Background

Recently I came across an interesting issue. My University runs a field station at a rural property called Newholme where a grid of camera traps was set up a few years back. Cameras are solar-powered and form a mesh network where photos are relayed from one camera to another and finally to the base station located at the station building. Unfortunately, due to a firmware bug, for the first few years, the EXIF data was wiped from each photo as it was relayed so we could only get the date and time when the file was saved on the base station, which could be minutes or days after it was taken. Original metadata was embedded in the picture itself as text, like this:

The manufacturer (Buckeye) eventually fixed this issue and after a firmware update photos now have metadata embedded in EXIF fields. However, to use all the data from before the update, we needed to assign date and time to each picture. It was done manually for some small subset but it is a tedious process prone to errors, so I decided to try and automate it.

OCR and the tesseract package

I have used OCR (optical character recognition) software before and I thought there is probably an R package that can read the text and sure enough - a powerful, open-source OCR engine tesseract is availabe in R through a package tesseract.

We will need a couple of libraries first:


library(magick)
library(tesseract)
library(tidyverse)

To help tesseract read our data, we can clip interesting parts from the photo. In this case, I want to read the date and time so we can clip that part of the image. We can use code:

# import photo
image_read(photo1)%>%

# crop date field
image_crop("68x12+0+468")

Where first two values (68x12) represent the size of the cropped field, and the second two (+0+468) represent the position of the top left corner of that field. As we can see, that gives us desired part of the photo:

Tesseract is not dealing well with inverted images so we need to do some more preprocessing before we can run the OCR engine. We will invert the picture, then we will enlarge it 10 times (photo is only 640x480 px and the original digits are only 9 pixels high), increase brightness to get rid of the noise and increase contrast to make it easier to read for our engine. This required a little bit of trial and error to get it right, but here is the result:


image_read(photo1)%>%
image_negate()%>%
image_crop("68x12+0+468")%>%
image_scale("680x120") %>%
image_modulate(brightness = 120)%>%
image_contrast(sharpen = 100)

This is already looking better. The narrow strip on the right is there because the actual width of the field changes depending on the number of digits and otherwise would clip the last digit on some long dates.

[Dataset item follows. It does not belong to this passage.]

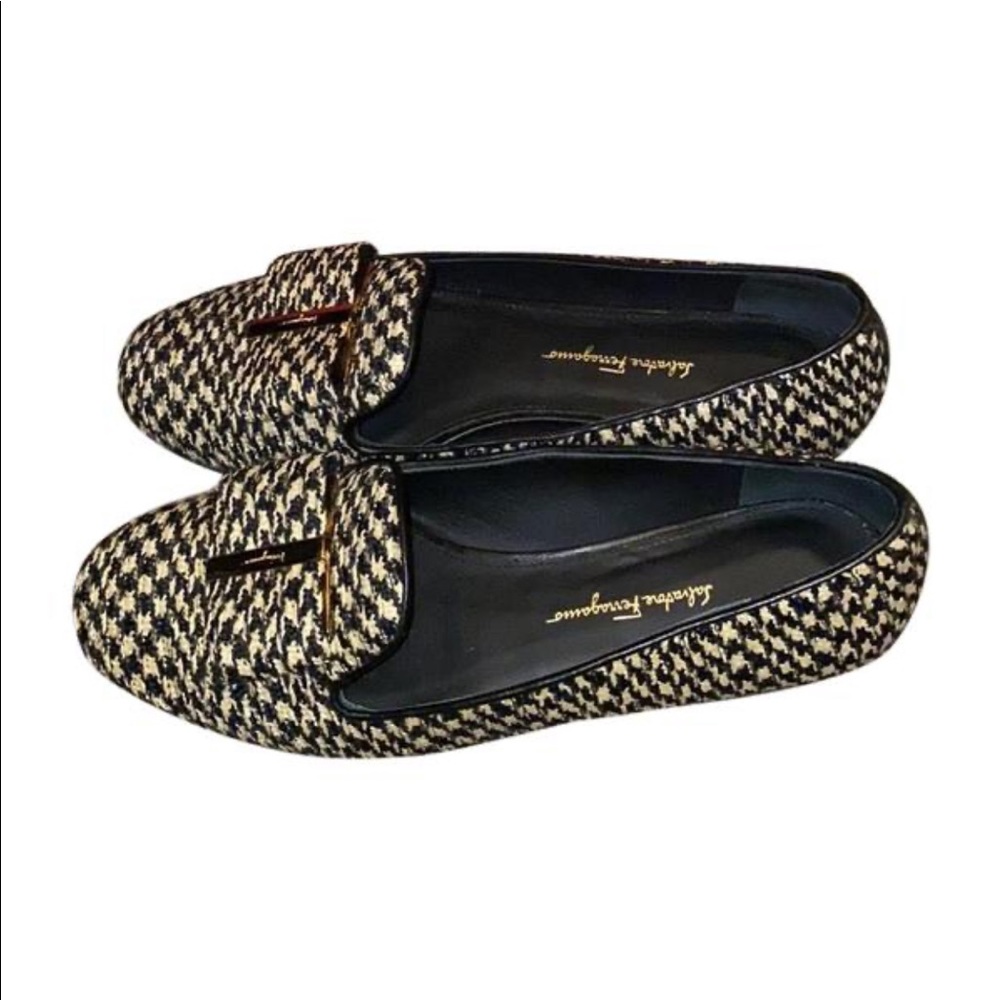Salvatore ferragamo Sarno flat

We will deal with it later.

Now we can run the OCR engine and see what we get.


#import and preprocess the image
date <- image_read(photo1)%>%
image_negate()%>%
image_crop("68x12+0+468")%>%
image_scale("680x120") %>%
image_modulate(brightness = 120)%>%
image_contrast(sharpen = 100)

#read the text
ocr(date)

Which gives us >“3/13/2415 |”

As you can see, tesseract wrongly identified 0 as 4. For other photos, the results varied from correct or almost correct to a random sequence of letters and digits that didn’t make any sense. The “pixelated” font that the camera is using is making it hard for the engine to read some digits correctly. We need to dig deeper and make use of the tesseract training mechanism.

To do that we can prepare a training set consisting of our preprocessed crops, load them into a program, generate a box for each digit and then assign it a correct value. We can generate our training dataset using a simple loop to crop date and time fields from each photo, preprocess it and save each one as a new file:


#create a list of training files
files <- list.files(path="./Datasets/02a", full.names=TRUE)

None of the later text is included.